(Brief descriptive captions)
-- Opening Marker --

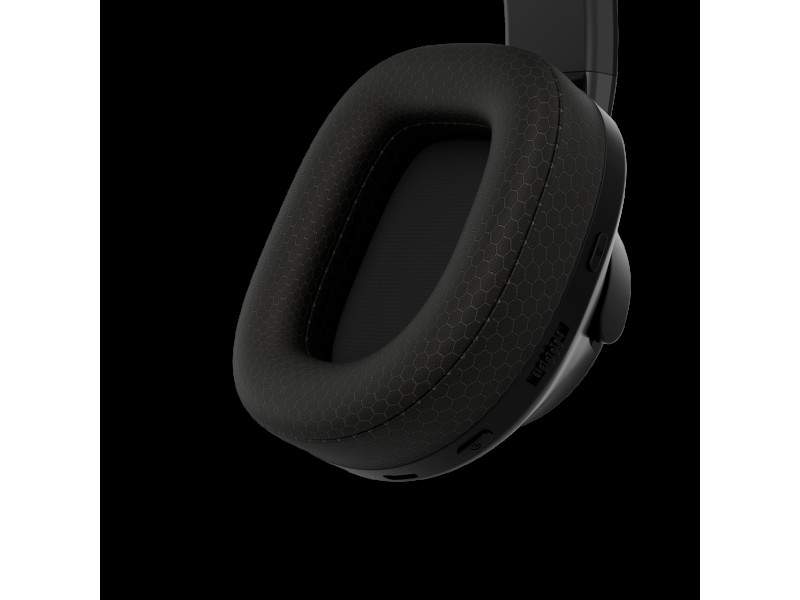 CANYON headset EGO GH-15 2in1 BT Black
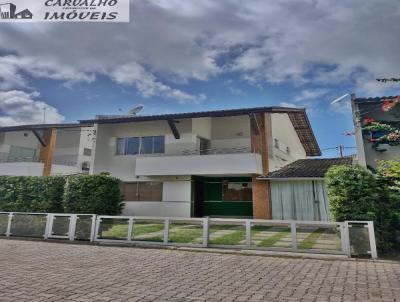 Casa em Condomnio para Venda, em Lauro De Freitas, bairro Buraquinho, 4 dormitrios, 3 banheiros, 2 sutes, 2 vagas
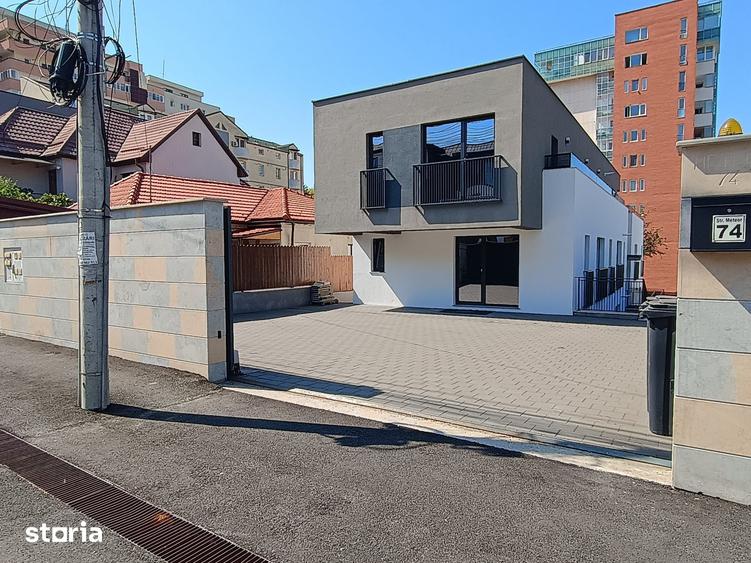 Casă cu 1 camere cu Teren 600 Mp în Zorilor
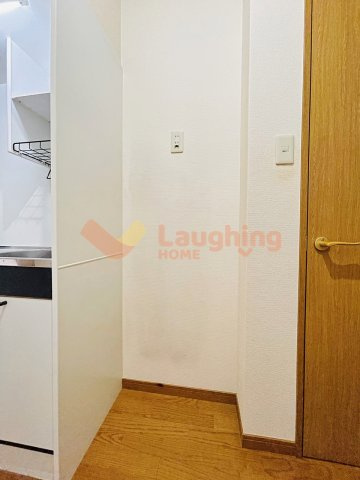 Active Umemitsuのキッチン|お料理しやすいキッチンです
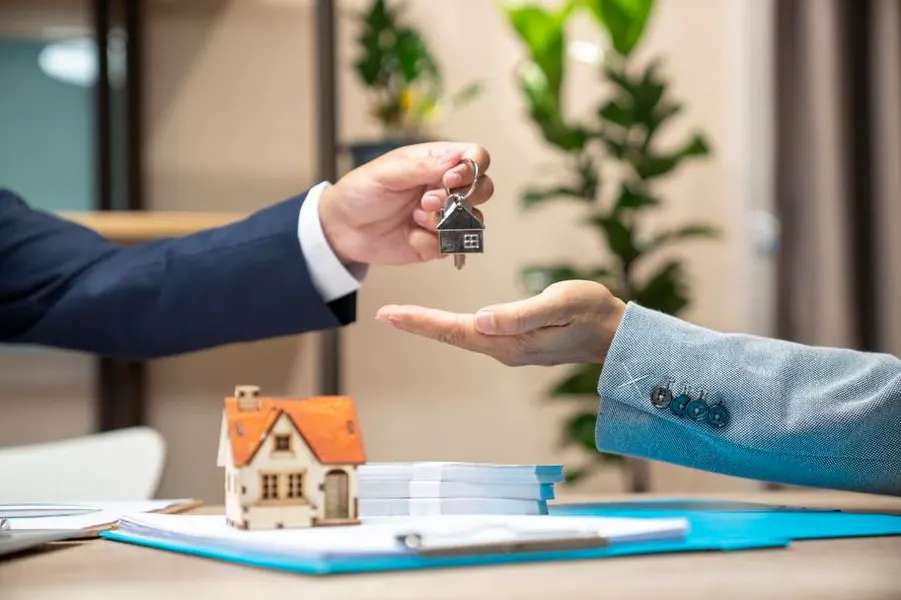 Die Kunst der Diversifizierung eines Immobilienportfolios: Risiko und Ertrag ausbalancieren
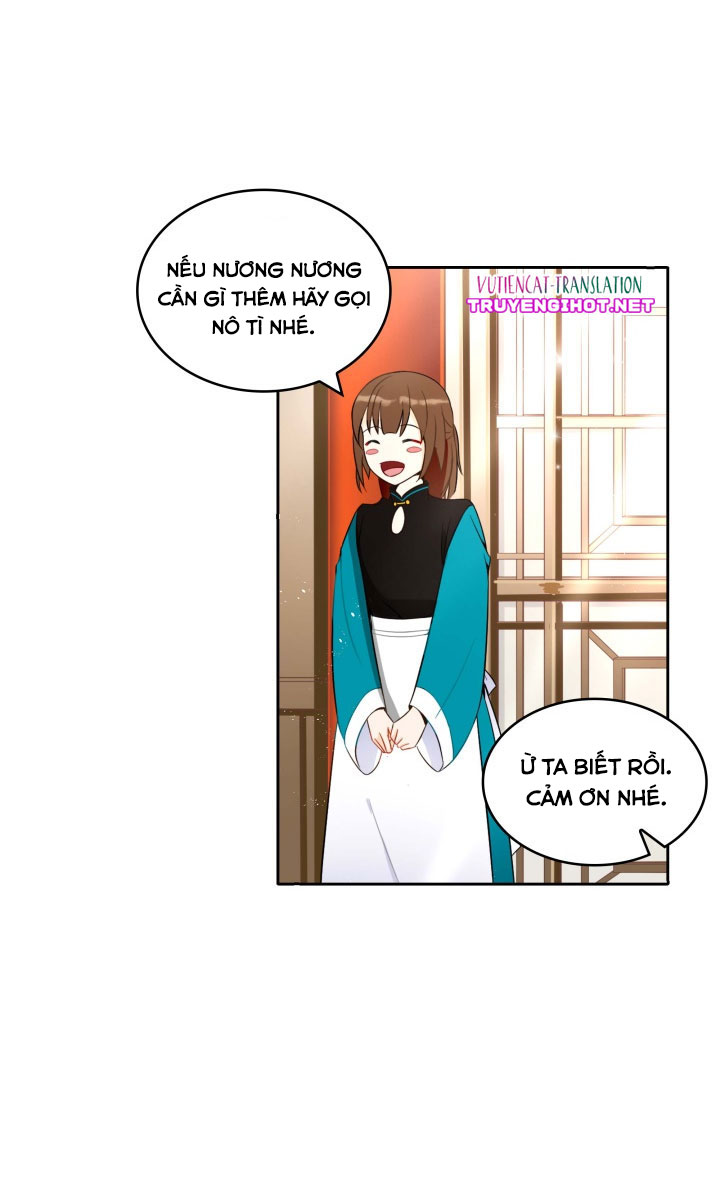 khế ước hậu cung chapter 3 10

-- Closing Marker --

**Assignment:**
Before duplicating, set the pictures aside; then output exactly the lines from the one with "Casă cu 1 camere cu Teren 600 Mp în Zorilor" through the end of the records, and only those.

**Solution to the exercise:**
 Casă cu 1 camere cu Teren 600 Mp în Zorilor
 Active Umemitsuのキッチン|お料理しやすいキッチンです
 Die Kunst der Diversifizierung eines Immobilienportfolios: Risiko und Ertrag ausbalancieren
 khế ước hậu cung chapter 3 10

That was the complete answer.